There are few figures in recent British Indie and Pop music as instantly recognisable as Florence Welch, whether that’s visually, lyrically or vocally. There’s truly no one that has captured the pre-raphaelite meets festival flower crown girl meets chaotic barefooted woman on a night out look quite like Flo does and I defy anyone to hear just a snippet of one of her vocals from ‘Dog Days’ or ‘Shake It Out’ and not instantly recognise her. This can be taken one of two ways, either you’ve never been interested and clamour for something slightly different, or like me, you appreciate the honesty of Florence just doing what she’s always done. Dance Fever isn’t a revelation, but it might be the purest distillation of what it is to be Florence Welch.

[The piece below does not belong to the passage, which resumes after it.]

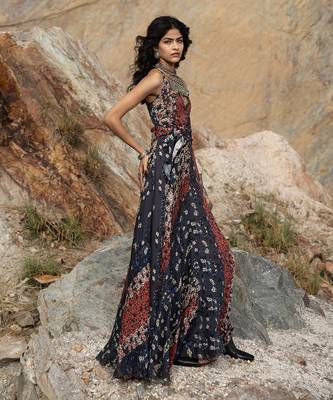 Ombre Poppy Maxi Dress 3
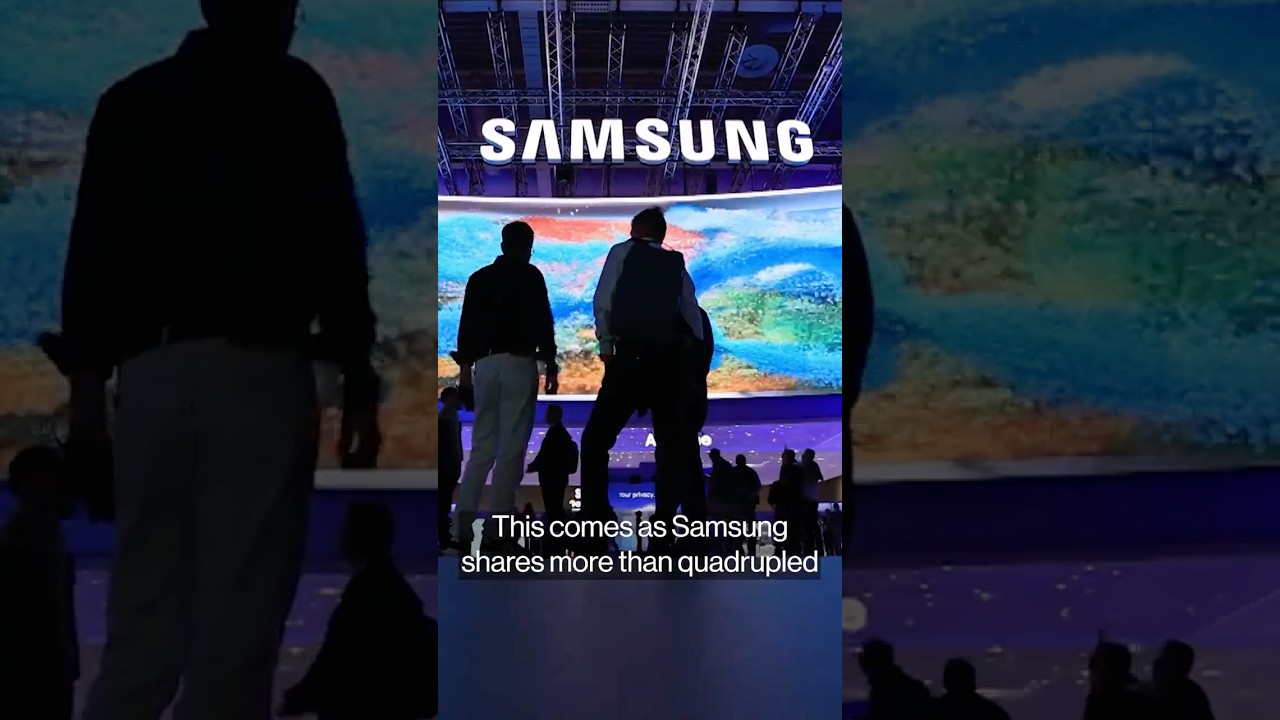 Samsung Hits $1 Trillion Valuation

From the off the dramatic stakes are high. ‘King’ is a throbbing, steady build that sees her dive into the contradiction of being one of the world’s greatest performers, but also being drawn to what is expected of her as a woman. ‘I’m no mother, I’m no wife, I am King’. It’ a theme that makes its way through so many of the songs here, closer ‘Morning Elvis’ taking the references to the King as literally as they can be.
Self destructive tales have been part of Florence’s work for years but this is the second album in a row where her own struggles with staying sober have been plain and simple to the listener. ‘If I make it to the stage, I’ll show you what it means to be spared’. The inner conflict of needing to perform live to hold it all together and yet that same thing suffering the more she depends on it is an idea that really hits hard, especially for anyone lucky enough to witness her electric live show. As fans we rarely think of the safe space created in these moments as not just one for us, but one for the artist themselves and the way Florence shows this across songs like ‘Back In Town’ and ‘Free’ makes this feel like a truly special album.

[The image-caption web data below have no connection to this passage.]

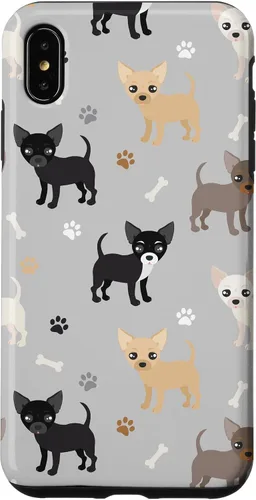 Vista 11 de Chihuahua Paws and Bones - Funda para iPhone 17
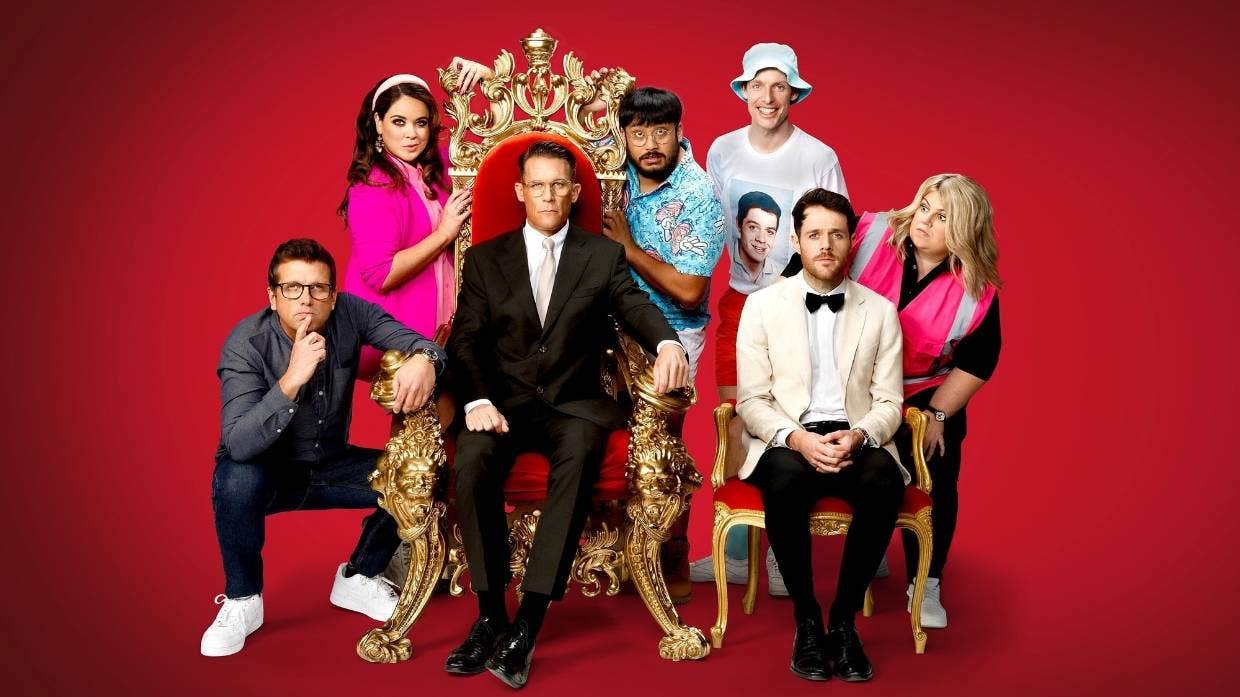 Taskmaster NZ S2 - a co-production with Avalon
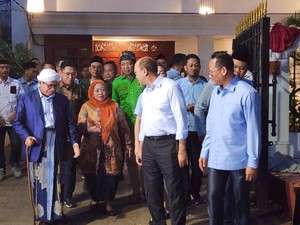 Pejuang PPP Bertemu Prabowo, Bahas Target Menang 1 Putaran di Pilpres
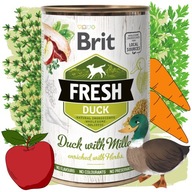 Brit Fresh Duck & Millet Mokré krmivo pre psov 6 x 400 g Duck & Millet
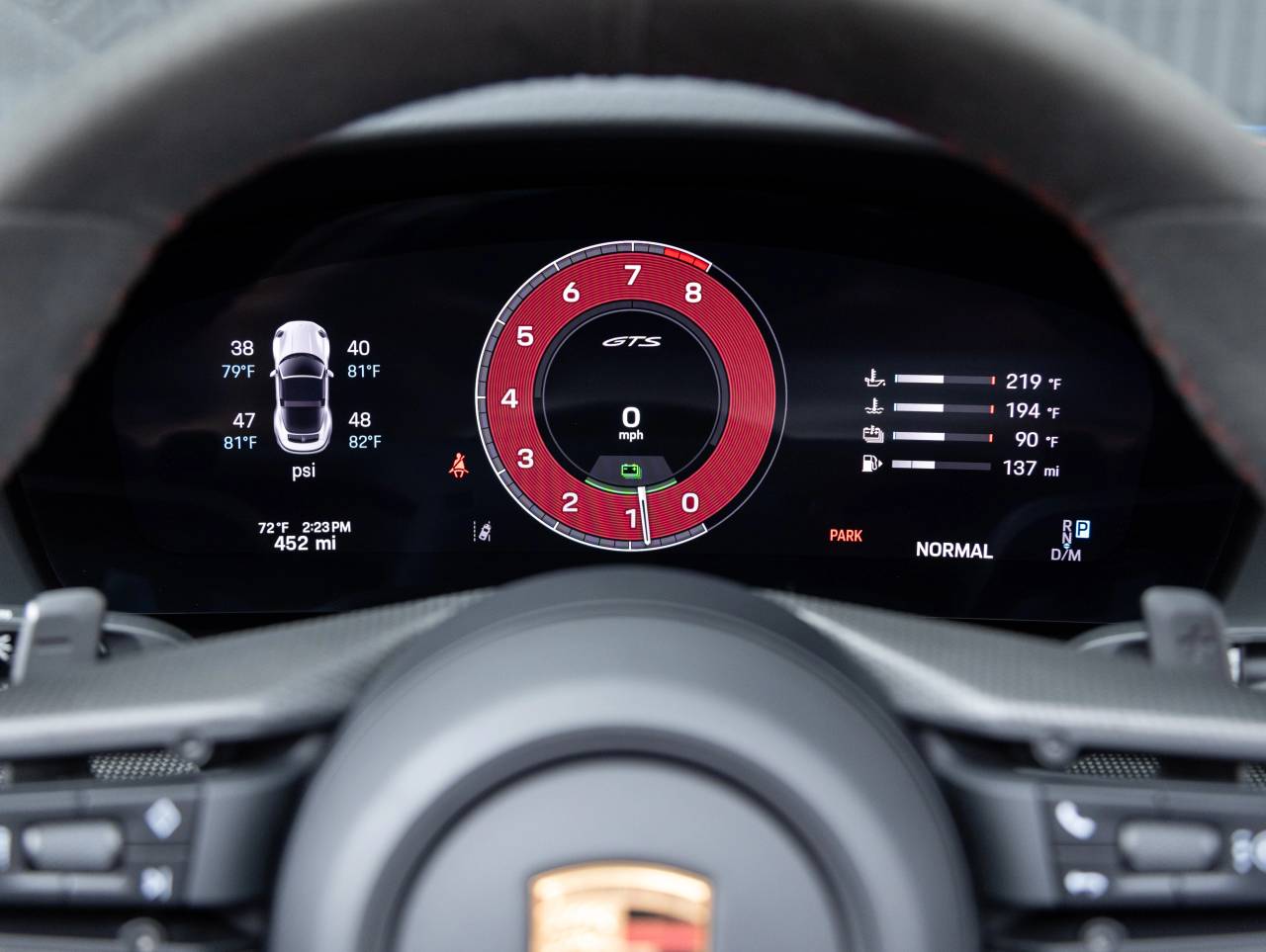 2025 Porsche 911 Targa 4 GTS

It’s a great time to mention ‘Free’ because obvious link to the name aside, Dance Fever really feeds from the dance world like no other album in her discography. Free’s new-wave style driving guitar rhythm is an absolute thrill, like a heart racing with energy before exploding into the electrifying hook. Dance as a means of escape, as a means of expression and as simply the only way to live sounds ridiculous but you can hear Florence bounding around the recording room on ‘Free’ and ‘Dream Girl Evil’, sure to become standouts in the live show.

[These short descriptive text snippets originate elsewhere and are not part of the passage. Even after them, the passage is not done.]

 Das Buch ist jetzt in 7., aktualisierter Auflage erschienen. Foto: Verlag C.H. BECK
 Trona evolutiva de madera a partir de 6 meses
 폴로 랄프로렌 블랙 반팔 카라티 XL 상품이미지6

‘My Love’ is the closest thing to a dance record F+TM have had since ‘Spectrum’ and has been lodged in my head for months. Even the less obvious ‘danceable’ moments like the hand claps of ‘Heaven is Here’, the fuzzy rock of ‘Daffodil’ and the simple starkness of ‘Girls Against God’ are designed for a more expressive performance full of movement. Notice that every video released from the album uses dance in the most intense and engaging way possible.
There’s lots of talk of the impact of Jack Antonoff has had on the writing and production of the record, but I’d say Dave Bayley of Glass Animals has arguably fed into more of the rhythmic quality to the record.
In the end though it’s Florence Welch and her usual collaborators Isabella Summers, Robert Ackroyd and so many others that have honed the Florence + The Machine sound so perfectly that this album is the result. In some ways the starkest and most brutally open record of their career, in others this is yet another Florence record that sounds very similar to the last few Florence records, the small changes not breaking the enigmatic figure and style enough to be a complete overhaul. This continues to be music born out of the stage and for the stage and I for one cannot wait to witness it being performed for years to come.